Data excerpts
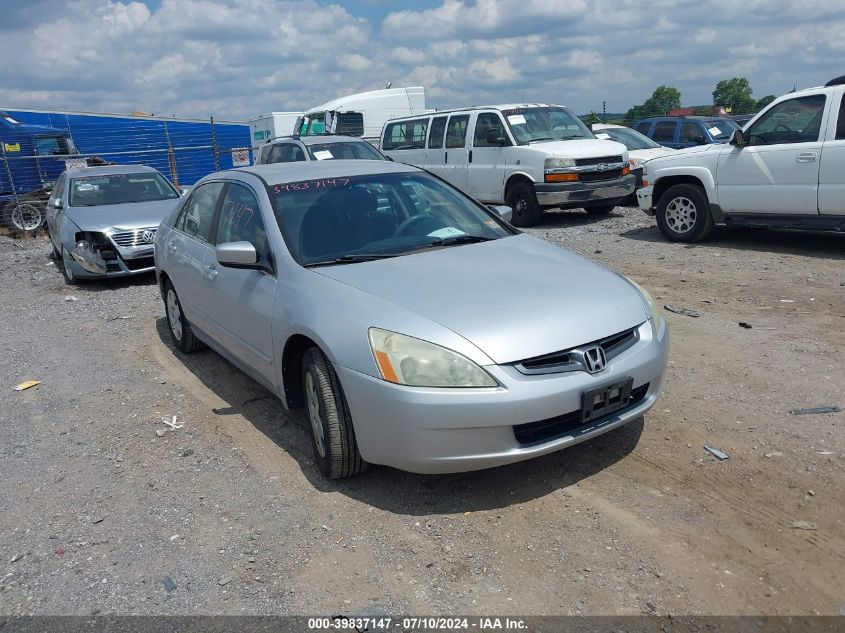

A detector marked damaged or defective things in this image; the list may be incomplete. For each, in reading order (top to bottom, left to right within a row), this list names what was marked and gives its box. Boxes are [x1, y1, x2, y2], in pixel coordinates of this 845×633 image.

damaged silver sedan [47, 164, 181, 282]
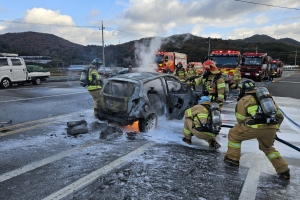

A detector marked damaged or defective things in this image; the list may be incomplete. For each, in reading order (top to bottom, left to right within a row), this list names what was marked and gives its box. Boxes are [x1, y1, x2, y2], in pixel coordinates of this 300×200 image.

charred car body [98, 72, 202, 132]
burned car [98, 72, 202, 133]
burnt car door [163, 76, 196, 119]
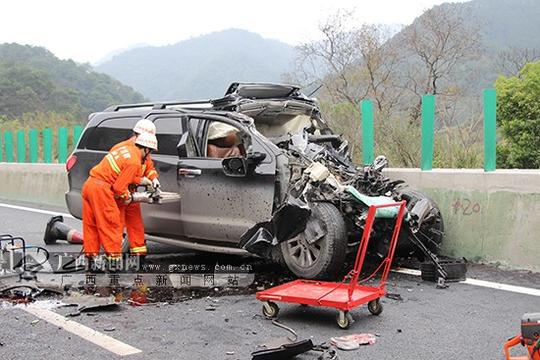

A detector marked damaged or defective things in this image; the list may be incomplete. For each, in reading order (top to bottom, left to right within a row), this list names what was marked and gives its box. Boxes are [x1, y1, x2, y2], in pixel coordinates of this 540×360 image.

wrecked suv [66, 83, 442, 278]
detached tire [280, 201, 348, 280]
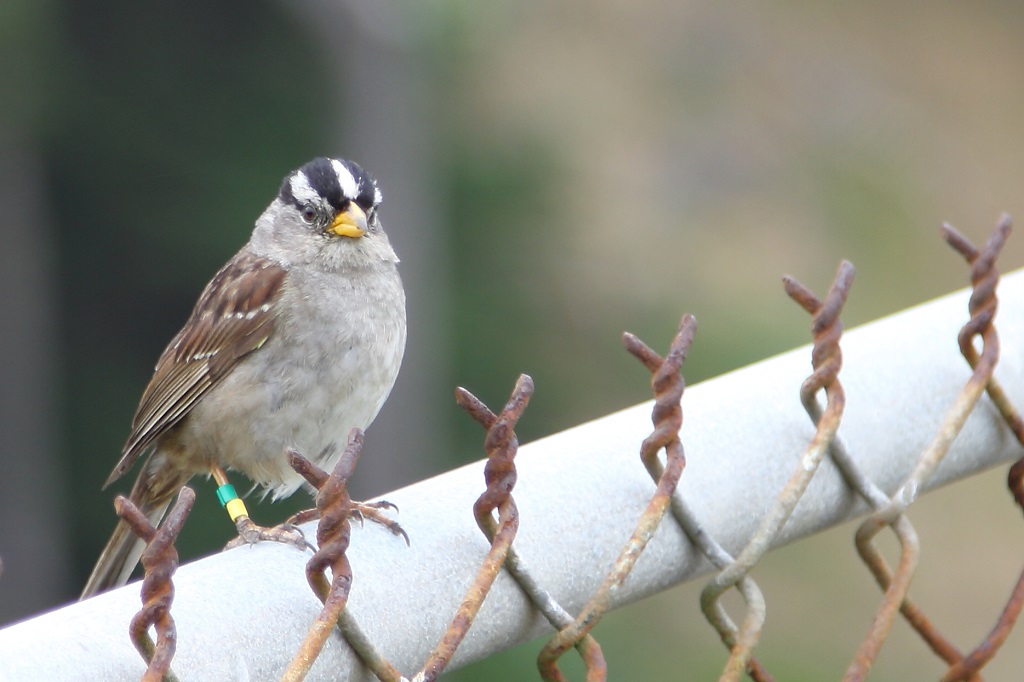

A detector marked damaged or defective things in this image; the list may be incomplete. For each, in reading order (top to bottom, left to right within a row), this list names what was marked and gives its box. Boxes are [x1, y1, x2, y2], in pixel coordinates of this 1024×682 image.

rusty wire [117, 483, 194, 679]
rusty wire [282, 430, 405, 679]
rusty wire [411, 372, 532, 679]
rusty wire [536, 315, 696, 679]
rusty wire [847, 220, 1007, 675]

## WORK REQUEST
Write out again the lines from the one with "this 540×360 image." through the end of the records exactly, without any of the pictures.

## THE COMPLETED TASK
A detector marked damaged or defective things in this image; the list may be incomplete. For each, in reading order (top to bottom, left to right within a row), this list names what was marked and gives its box. Boxes are [x1, y1, x2, y2], in pixel coordinates of this 540×360 image.

wrecked suv [66, 83, 442, 278]
detached tire [280, 201, 348, 280]

A detector marked damaged or defective things in this image; the list may be incomplete. For each, in reading order (top to bottom, left to right within a row), this list names what was marked and gives its box. Boxes are [x1, y1, x2, y2], in pixel coordinates of this 1024×682 image.

rusty wire [117, 483, 194, 679]
rusty wire [282, 430, 405, 679]
rusty wire [411, 372, 532, 679]
rusty wire [536, 315, 696, 679]
rusty wire [847, 220, 1007, 675]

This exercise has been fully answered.